The 11-person team led by scientists at British Antarctic Survey (BAS) has been working on the Rutford Ice Stream for the last 12 weeks in freezing temperatures as low as minus 30 degrees Celsius.

On January 8, following a 63 hour continuous round-the-clock drilling operation, the team broke through to the sediment 2,152 metres below the surface, BAC said in a statement.

A string of instruments were fed through the borehole which will record water pressure, ice temperature and deformation within the ice around it.

The project, named BEAMISH, has been 20 years in the planning, and was attempted in 2004 without success.

"I have waited for this moment for a long time and am delighted that we have finally achieved our goal," said lead scientist Andy Smith from BAS.
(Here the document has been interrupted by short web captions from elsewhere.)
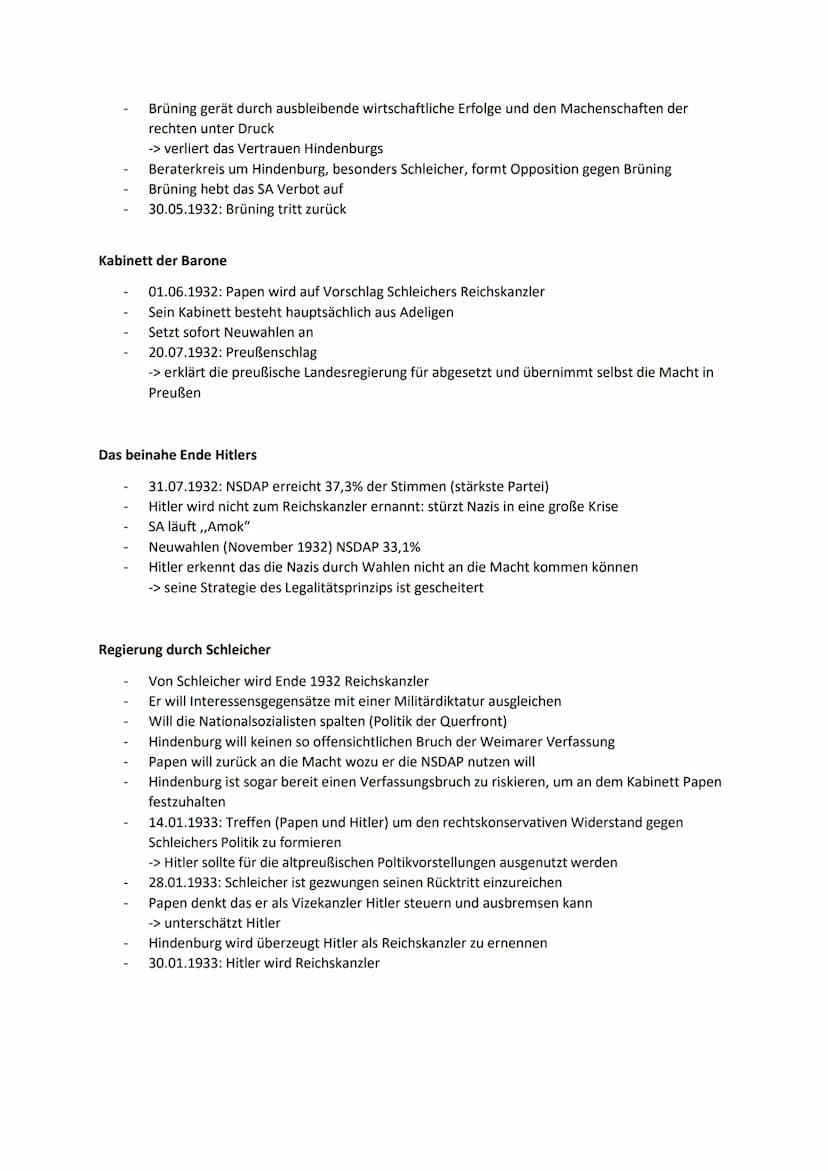 Ende von Weimar (1918-1933)
Auf die erste deutsche Demokratie folgt eine Diktatur
Der ,,Schwarze Freitag" an der Börse stürzt Deutschland in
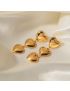 Luna Love - Triple Heart Gold Earrings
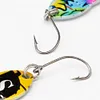 10pcs Metal Spoon Fishing Lures Spinner Bait Artificial Hard Bait Fishing Tackle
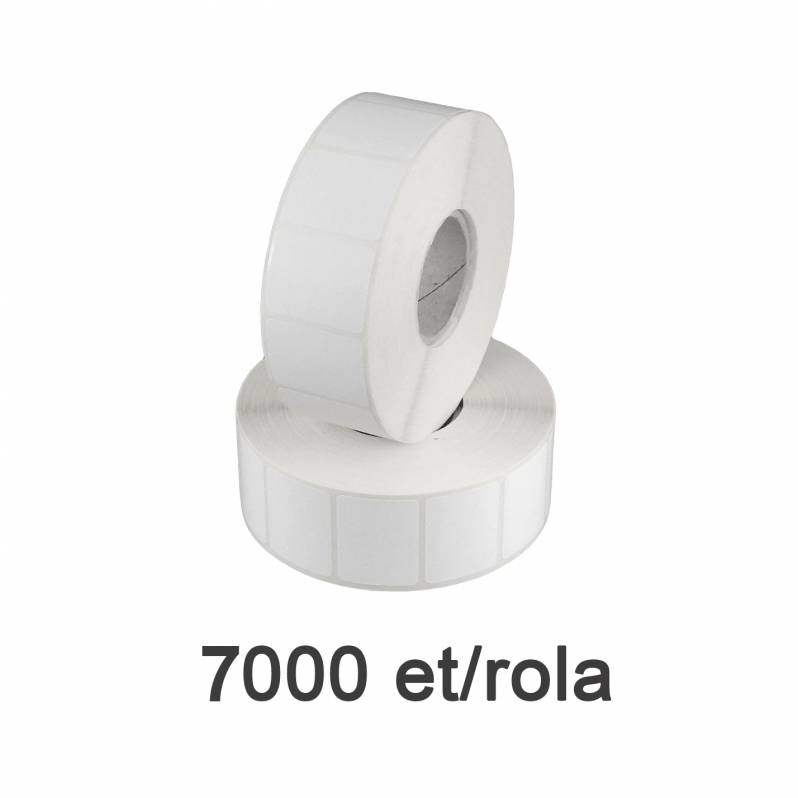 Rola etichete de plastic ZINTA albe 33x22mm, 7000 et./rola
"There are gaps in our knowledge of what is happening in West Antarctica and by studying the area where the ice sits on soft sediment we can understand better how this region may change in the future and contribute to global sea-level rise," Smith said.

The team has now drilled two holes, with the second completed on January 22, and plan to work on the ice until mid-February this year.

Further work will now continue at a second site a few kilometres away, researchers said.

"We know that warmer ocean waters are eroding many of West Antarctica's glaciers," said Keith Makinson, a physical oceanographer at BAS.

"What we are trying to understand is how slippery the sediment underneath these glaciers is, and therefore how quickly they might flow off the continent into the sea. This will help us determine future sea level rise from West Antarctica with more certainty," Makinson said.